» **EXERCISE REQUIREMENTS**: Would you restate each line of the data below word for word, without its pictures?

··· INFORMATION SHOWN ···

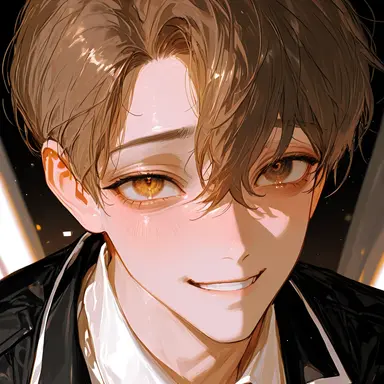 Profile image of デニー
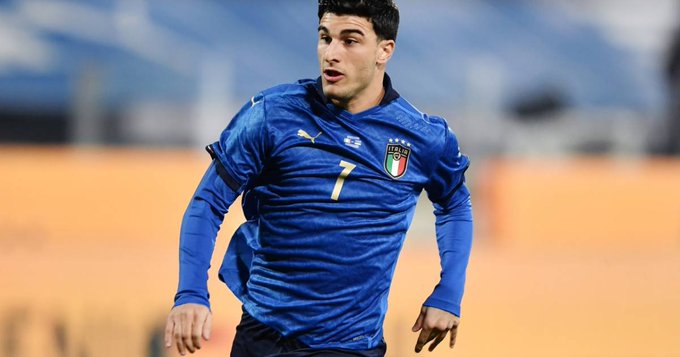 时间成长为 时间成长为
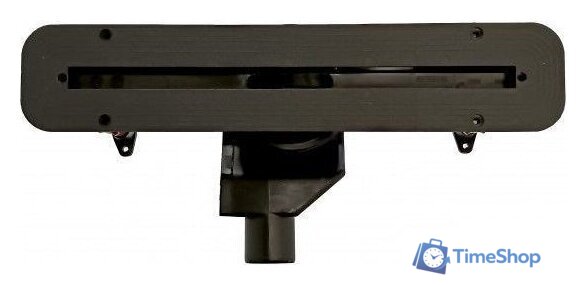 Трап/канал Tim Zst.1141.7002 - Изображение №2 — Интернет-магазин Time-Shop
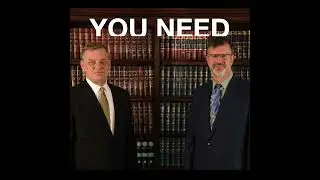 Wilson Novak Injury Lawyers Merrillville, Indiana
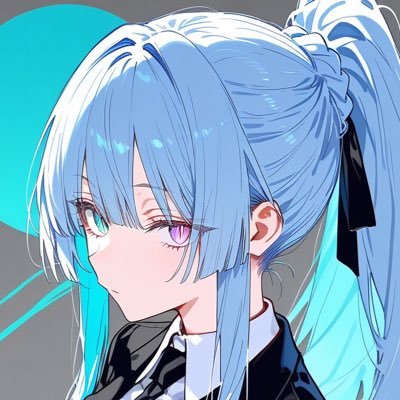 TikTok配信者┊︎アニマル所属┊︎サブ垢(フォロー返し)→@kuu__sub ┊︎Vライバー┊︎弾き語り┊︎歌ってみた┊︎カラオケ動画┊︎ 雑談配信┊︎声低い系女子┊︎📍の一言時々変わります。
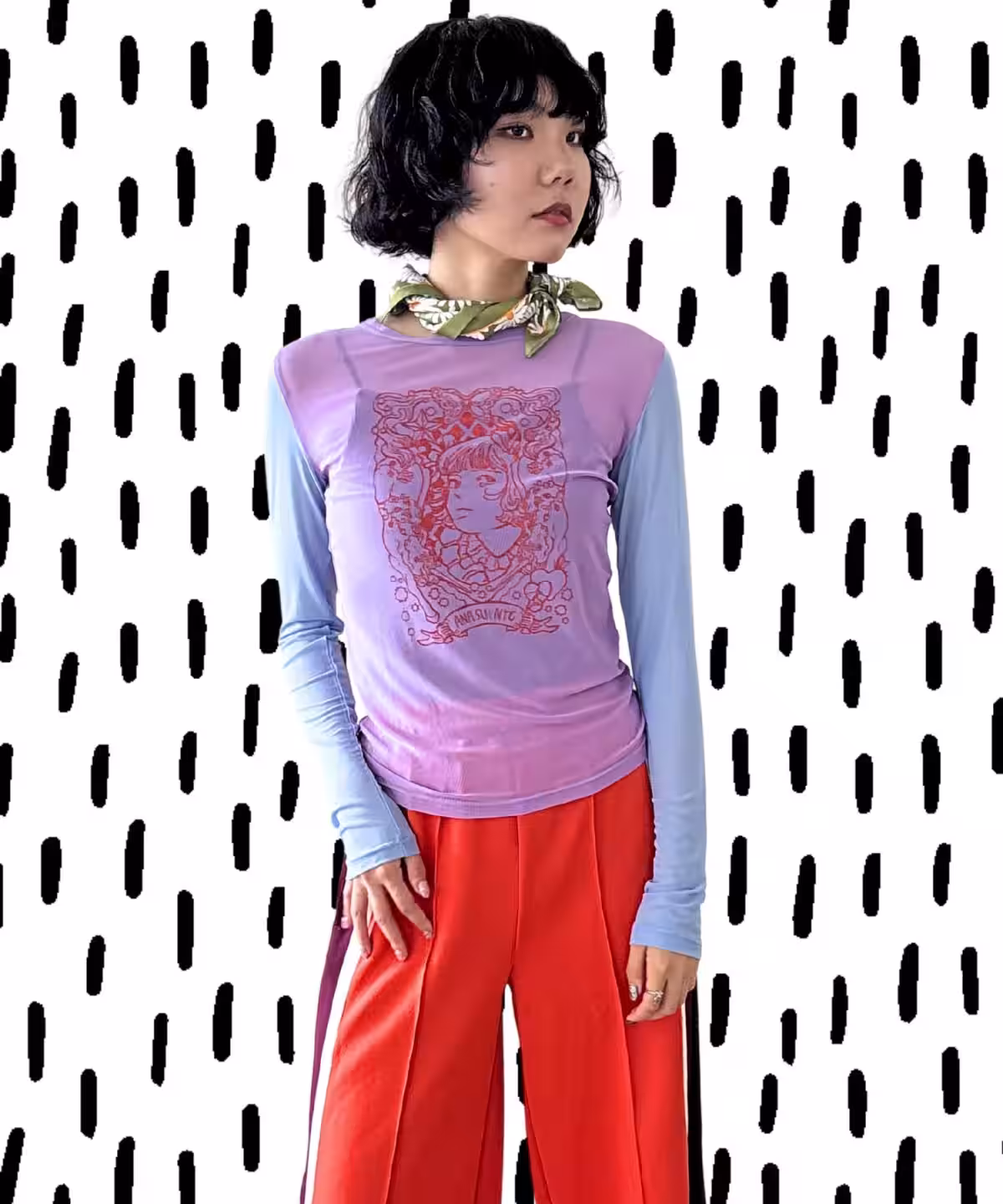 画像19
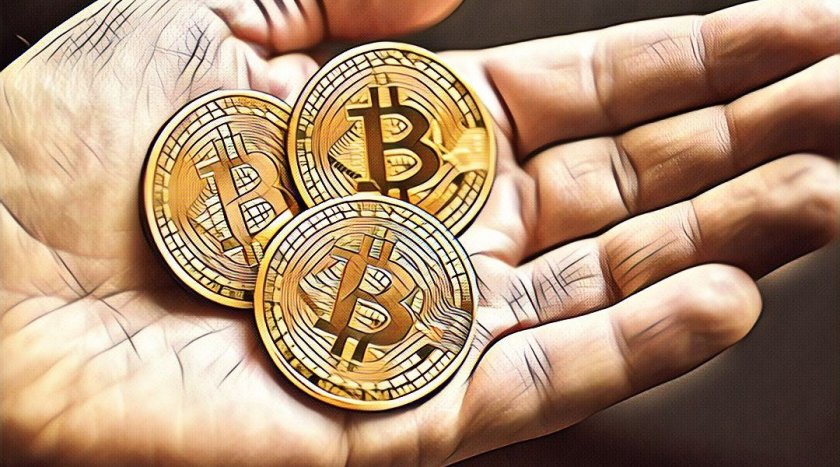 What is a bitok in cryptocurrencies? What is a bitok in cryptocurrencies?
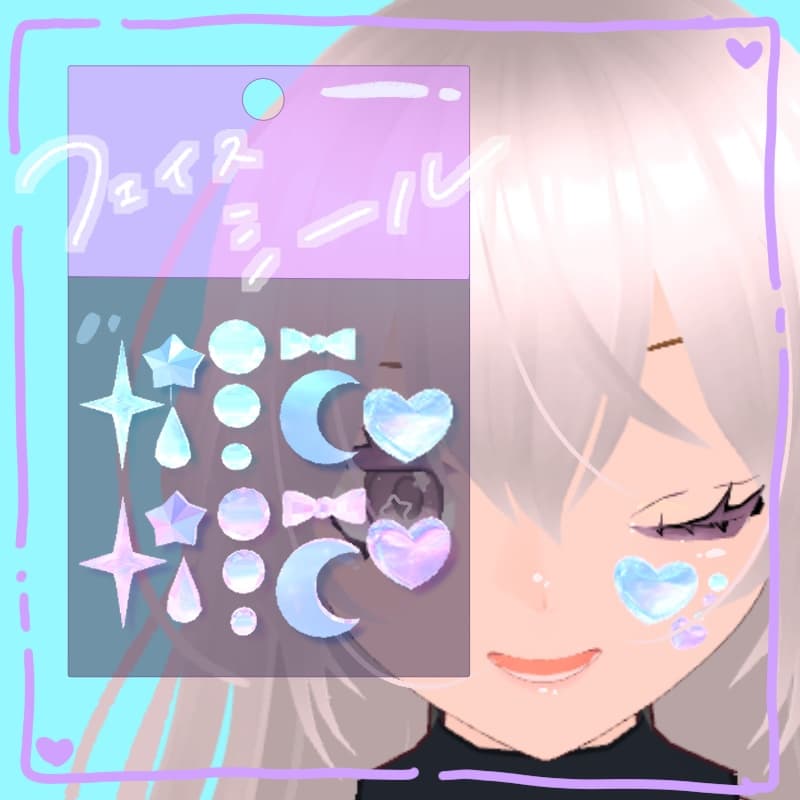 商品画像 1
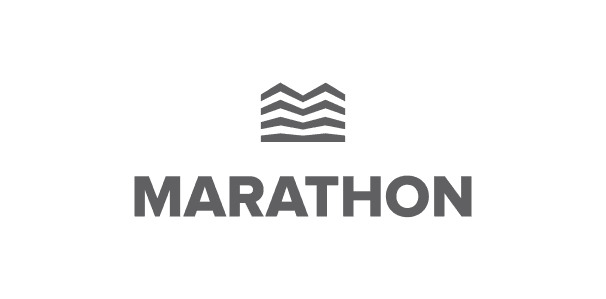 Marathon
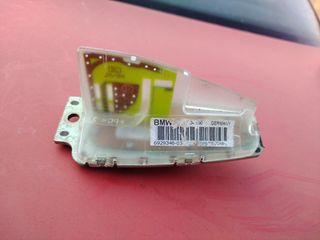 Antena GPS para BMW 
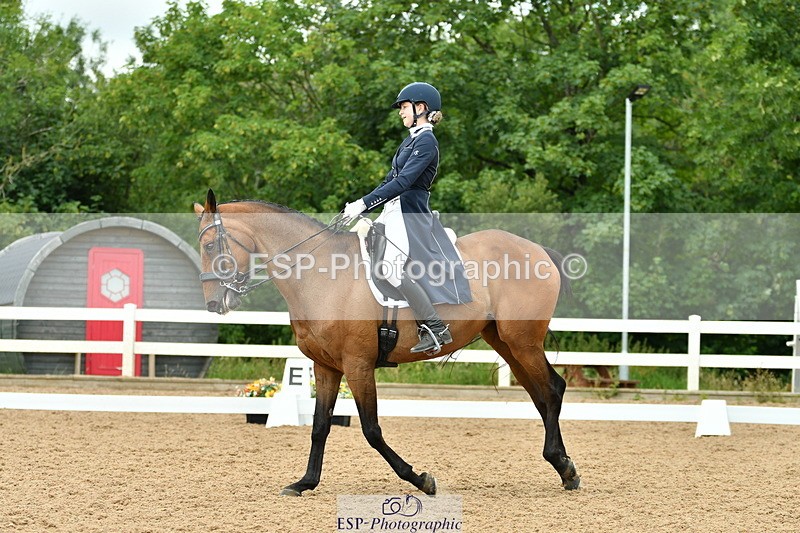 230701A-142024-07578 - Cls 16+18 FEI PSG + Inter I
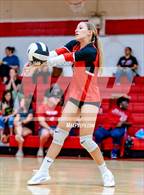 Photo from the gallery "Seventy-First @ Hoke County"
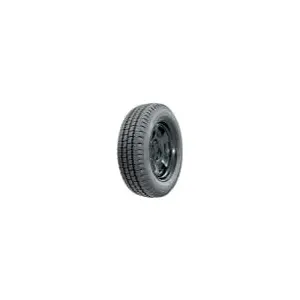 Orium Cargo Speed EVO pas cher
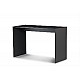 Shibu Kids Furniture Set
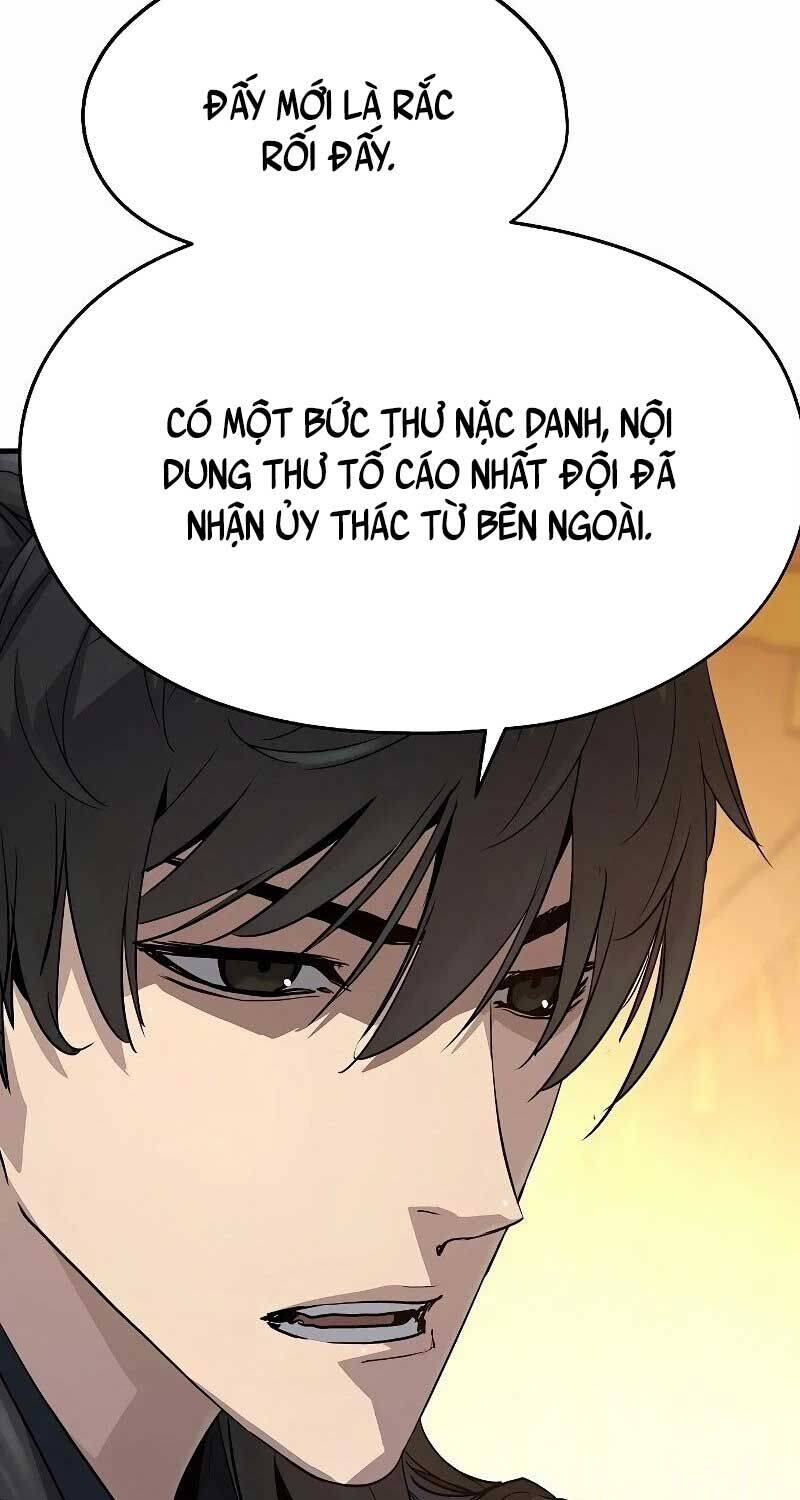 Tuyệt Thế Hồi Quy Chap 14 - Next Chap 15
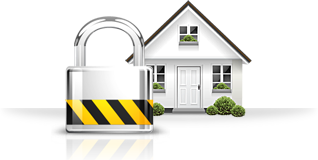 graphic_service_security2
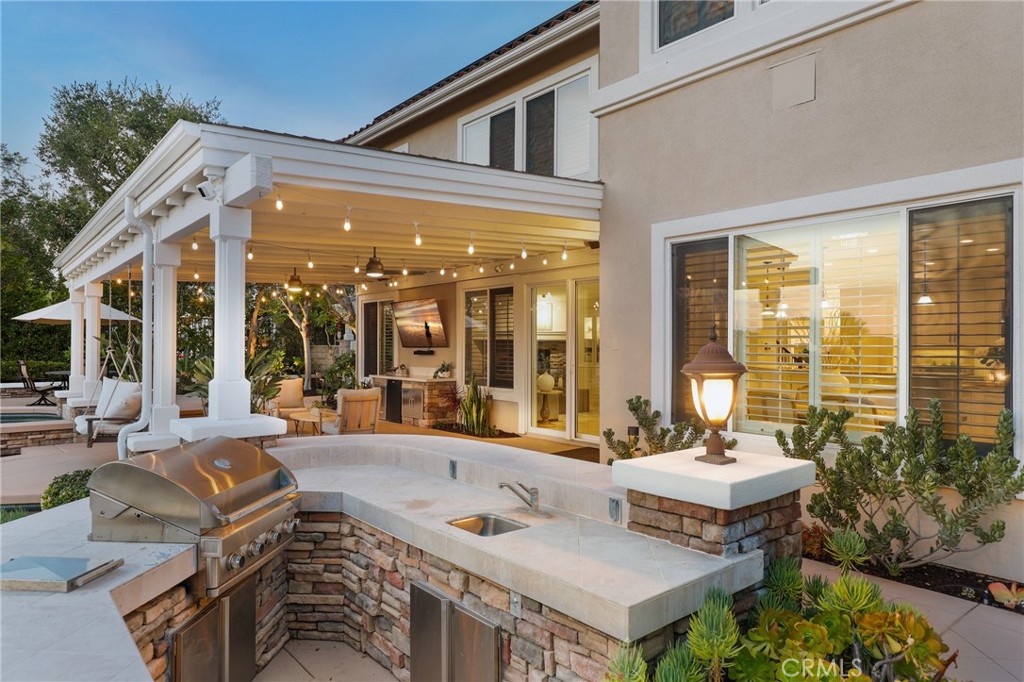45 Panorama Property Photo 53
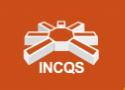 Logo INCQS/Fiocruz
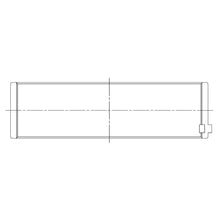 Load image into Gallery viewer, Technical Drawing
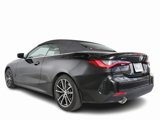 Used 2022 BMW 430i xDrive Convertible w/ Premium Package 2 image 5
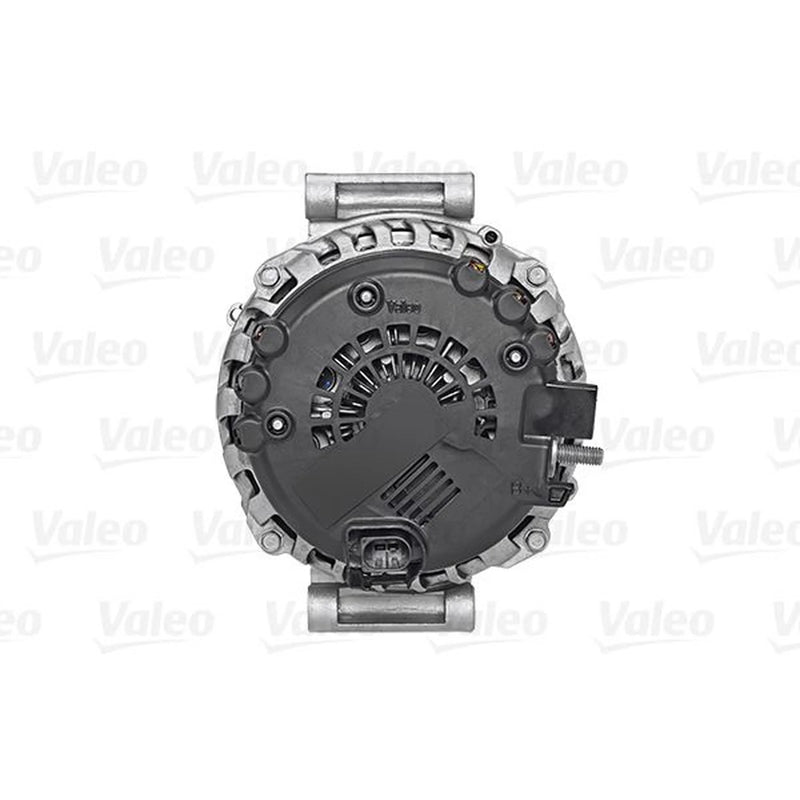 Valeo Car Alternator 12V 439597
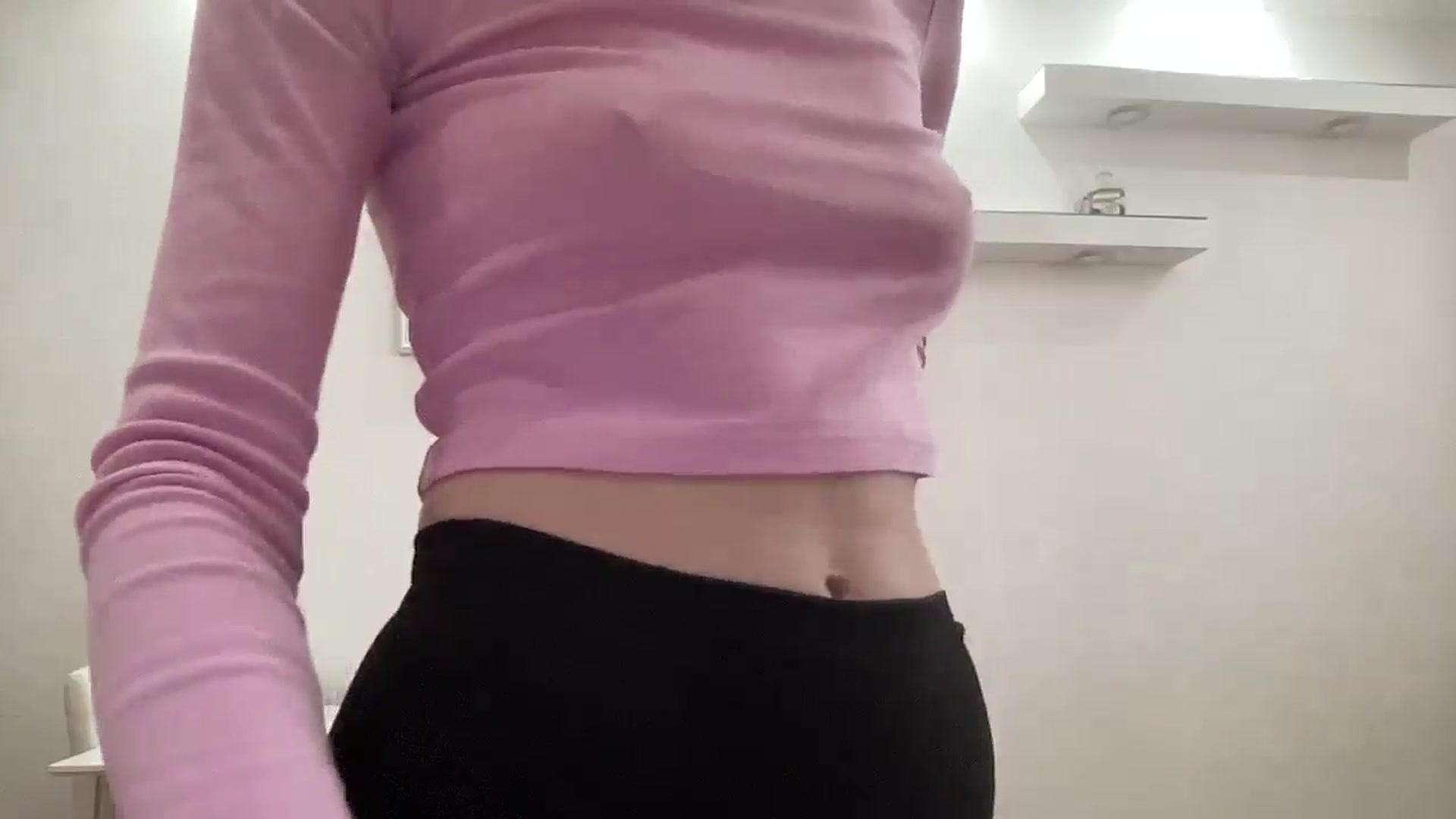 Gallery image thumbnail from MaryMeow's myfreecams stream on, 01/11/2026, 12:16 image 3 of 20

···

» **TASK SOLUTION**:
 Profile image of デニー
 时间成长为 时间成长为
 Трап/канал Tim Zst.1141.7002 - Изображение №2 — Интернет-магазин Time-Shop
 Wilson Novak Injury Lawyers Merrillville, Indiana
 TikTok配信者┊︎アニマル所属┊︎サブ垢(フォロー返し)→@kuu__sub ┊︎Vライバー┊︎弾き語り┊︎歌ってみた┊︎カラオケ動画┊︎ 雑談配信┊︎声低い系女子┊︎📍の一言時々変わります。
 画像19
 What is a bitok in cryptocurrencies? What is a bitok in cryptocurrencies?
 商品画像 1
 Marathon
 Antena GPS para BMW 
 230701A-142024-07578 - Cls 16+18 FEI PSG + Inter I
 Photo from the gallery "Seventy-First @ Hoke County"
 Orium Cargo Speed EVO pas cher
 Shibu Kids Furniture Set
 Tuyệt Thế Hồi Quy Chap 14 - Next Chap 15
 graphic_service_security2
45 Panorama Property Photo 53
 Logo INCQS/Fiocruz
 Load image into Gallery viewer, Technical Drawing
 Used 2022 BMW 430i xDrive Convertible w/ Premium Package 2 image 5
 Valeo Car Alternator 12V 439597
 Gallery image thumbnail from MaryMeow's myfreecams stream on, 01/11/2026, 12:16 image 3 of 20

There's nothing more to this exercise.